In response, a spokesperson for the Ukrainian philanthropist stated that Blavatnik’s donation was to the inaugration committee that was founded over a century ago, and that he never donated to Trump directly.
This is not however the first time Oxford has found itself in the mire of a Blavatnik-based scandal. Two years ago, a group of activists and academics, including Russian physicist Pavel Litvinov, urged Oxford not to accept the billionaire’s £75m ($97m) donation and to “stop selling its reputation and prestige to Putin’s associates”.

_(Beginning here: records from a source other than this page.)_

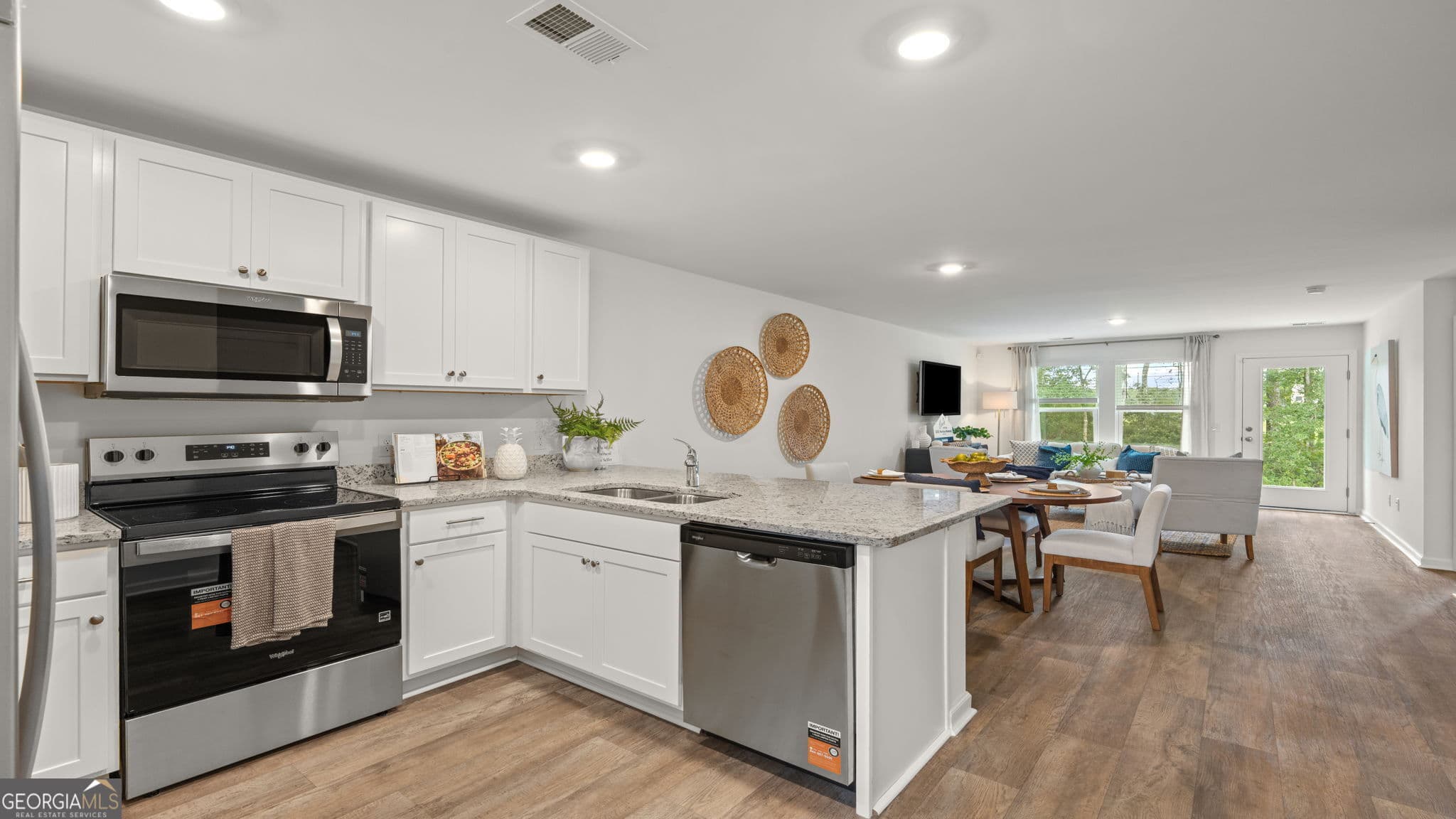 4 bedroom, 2.5 bathroom, 1,763 sq ft townhouse for sale at 270 Pasture Lane, Statesboro, GA 30461 — photo 8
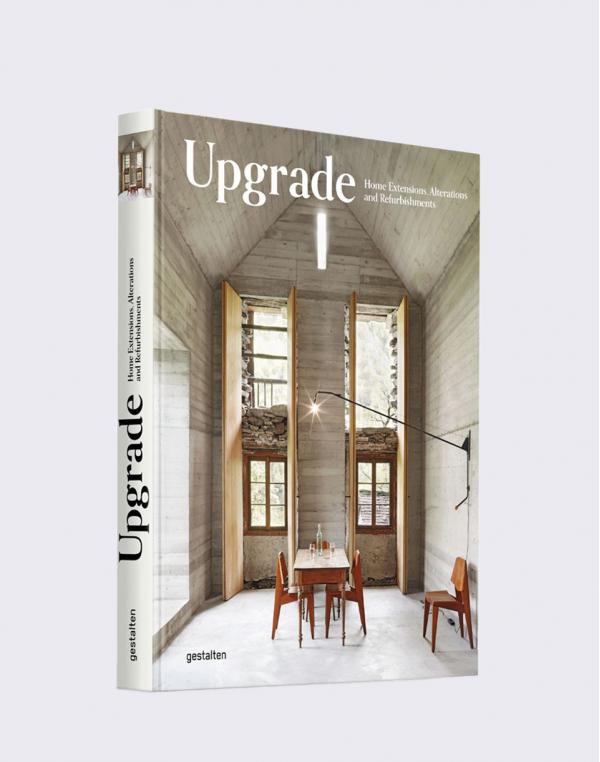 Gestalten Upgrade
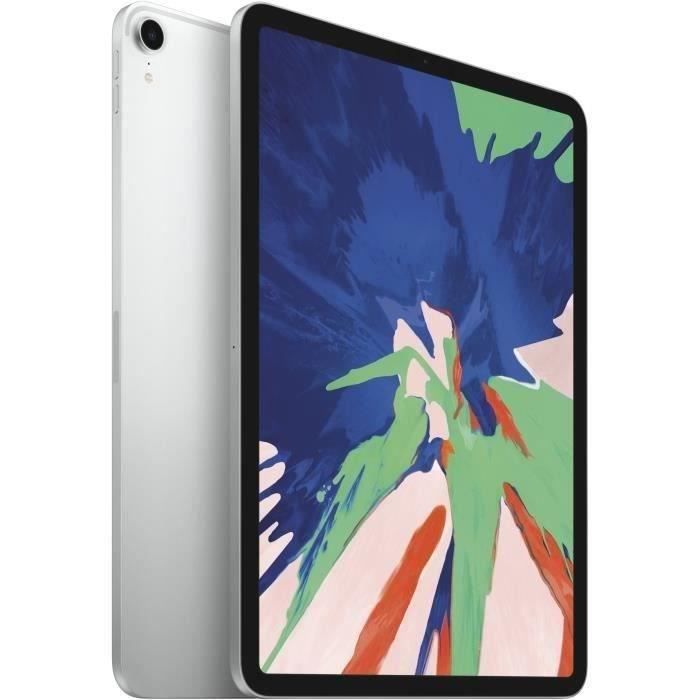 APPLE - iPad Pro Retina da 11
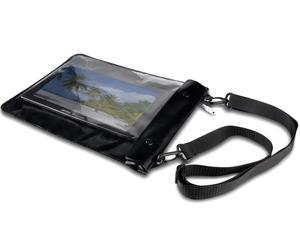 Sl Beach Skin Strand - Custodia Impermeabile per Apple IPAD 5 4 3 5G 4G Air 1 2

Blavatnik is known to have close ties to Russian president Vladimir Putin, and it is widely argued that his business background is rife with controversy. After being born in Odessa, Ukraine, Blavatnik attended the Moscow State University of Railway Engineering before emigrating to the USA in 1978. After the fall of the Soviet Union, Blavatnik partnered with Viktor Vekselberg and Mikhail Fridman, two of Russia’s richest men today, to form the AAR cosortium that eventually partnered with BP to create TNK-BP, one of the largest oil companies in Russia. In 2011, Blavatnik bought Warner Music for $3.3b, furthering his financial influence in the arts globally.